If it fails by government policy, that's an awful outcome for tech and the
future. We need to encourage new markets, not end them. Tech is ending old
markets as it is, if we're not encouraging new ones we're going to end up with
increasing unemployment.

------
krisgenre
Why they have not done the same in India? They must be having more users in
India than in US.

------
IanDrake
This isn't about privacy, this is about a cold war with China that has been
going on for a while now.

------
Ericson2314
Honestly, as much as I dislike the CCP, I definitely want TikTok to stay
until/unless there is some real anti-trust or other FAANG weakening happening.

Even if Tik Tok just kills Facebook and becomes the new Facebook, that's fine.
Now the US goverment won't feel conflicted between anti-trust and tech
nationalism, and we can lobby for much better privacy laws.

Anti-trust has been such a joke in the last few decades, and federal
governance so bad in general around all issues of privacy, technology, and
competition, I'll accept the Chinese competitor cudgel because it's the best
we got.

Sigh.

------
qazpot
Maybe American companies should sue China.

------
tmcronn
>Microsoft has been in talks to acquire TikTok — though co-founder Bill Gates
has called the potential deal a “poisoned chalice”

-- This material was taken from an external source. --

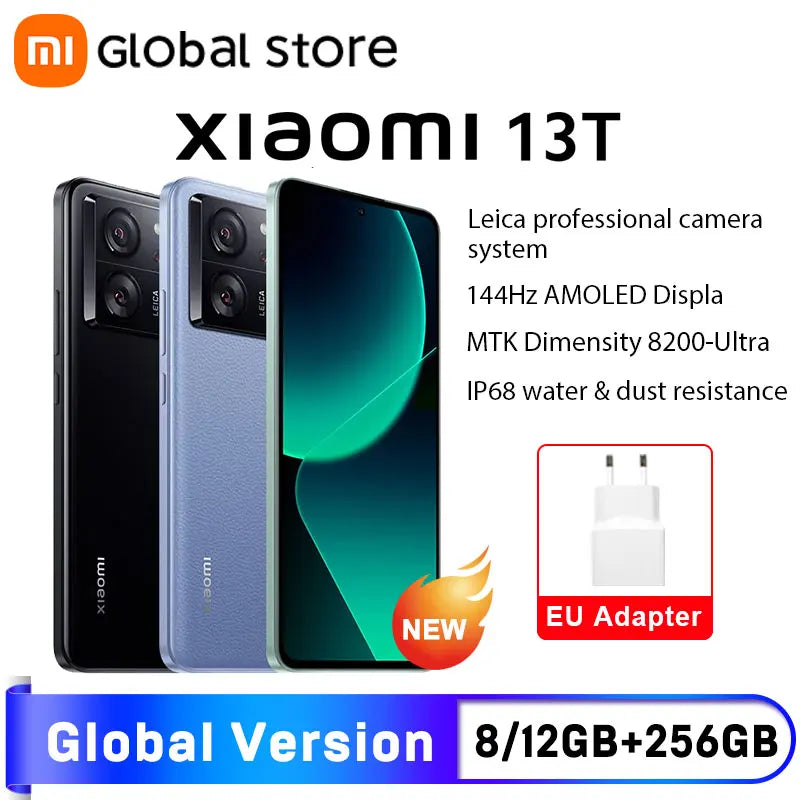 Global Version Xiaomi 13T Smartphone MTK Dimensity 8200-Ultra 50MP Camera IP68 6.67" 144Hz AMOLED Display 67W charing BT 5.4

Where there's money to be made, no poison is too poisonous for big companies.

------
BTCOG
If and while China sees fit to ban all American apps, programs, and sites, we
should return that in kind. I support segregating China off our clean network.

------
golergka
TikTok is awful company which clearly panders to Chinese government, deletes
anti-CCP content, and quite probably collects private data and promotes
content in its own political interests.

However.

The whole world sees "The West" in general, and US in particular, as a place,
where The Rule Of Law, and in general, some respect for the Rules, even for
adversaries, is more important than in other places. That's why Russian
oligarchs sue each other in London's courts. That's why millions of the most
educated, the most creative, the most productive people immigrate to US and
other capitalist countries from former Soviet block and not the other way
around. Of course, US is not paradise, and everybody how ugly and criminal can
it be sometimes; but still, compared to what other parts of the world look
like, it's still a City upon a hill. Yes, US is a corrupt, racist country with
a lot of deep internal problems, and yet it is still the best champion for
democratic values we've got on the whole planet. (Some smaller European
countries can have a better record, but they're just not significant enough to
have a real influence).

And despite how awful TikTok is, and how I would applaud their demise, these
executive orders, which directly violate these core ideals of western
civilisation, damage not only US, but these ideals itself in the long run. I'm
still amazed that a private company can sue the government and have a real
hope at winning — if you're American, you may not realise how precious that
possibility even is. And I really hope it does win.

------
exabrial
It's pretty simple really: prove that you've resisted CCP censorship instead
of rolling over. Not hard.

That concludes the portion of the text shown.